** Opening INPUT DATA block **

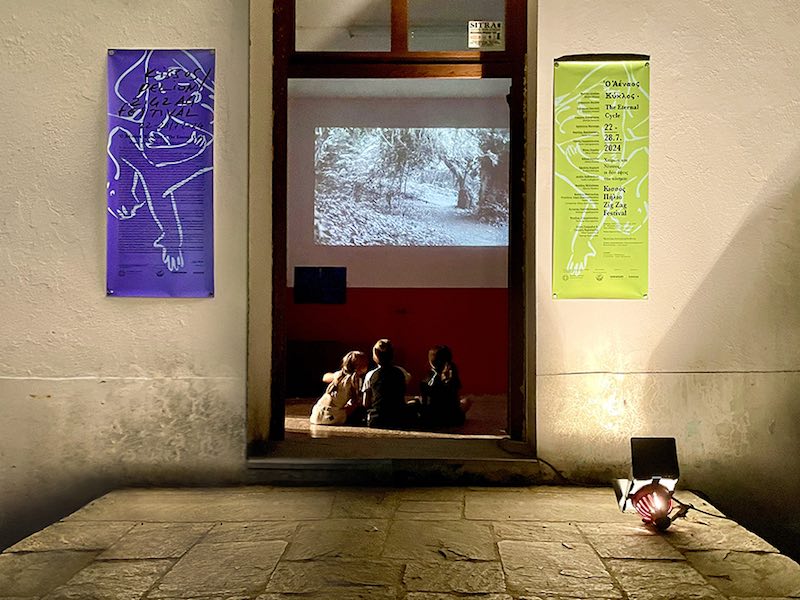 Screening, Chiron and Nessus, the two faces of the world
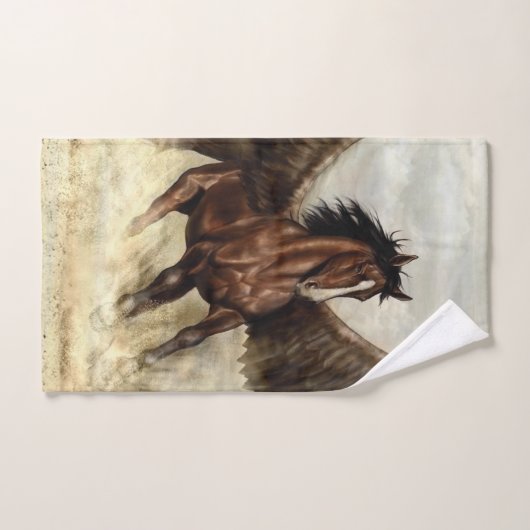Winged Pegasus ハンドタオル (ハンドタオル)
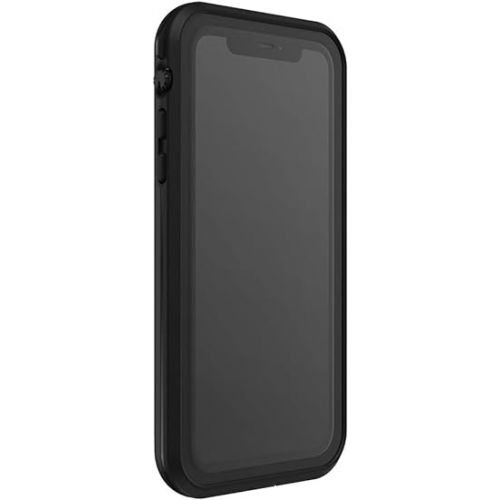  LifeProof iPhone 11 FR? Series Case - BLACK, waterproof IP68, built-in screen protector, port cover protection, snaps to MagSafe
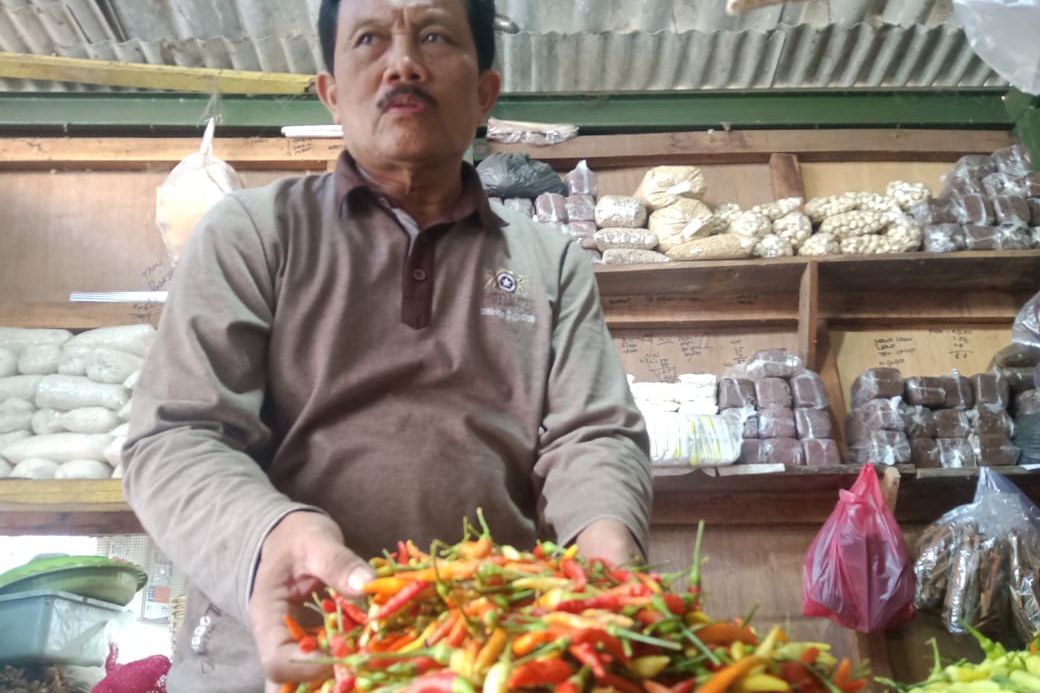 Jelang Natal, Harga Cabai Rawit Merangkak Naik di Pasar Tradisional Probolinggo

** Closing INPUT DATA block **

_WHAT TO DO_.
Pictures in the listing above must be skipped; everything else should be copied exactly.

_OUTPUT FOR THIS EXERCISE_.
 Screening, Chiron and Nessus, the two faces of the world
Winged Pegasus ハンドタオル (ハンドタオル)
  LifeProof iPhone 11 FR? Series Case - BLACK, waterproof IP68, built-in screen protector, port cover protection, snaps to MagSafe
 Jelang Natal, Harga Cabai Rawit Merangkak Naik di Pasar Tradisional Probolinggo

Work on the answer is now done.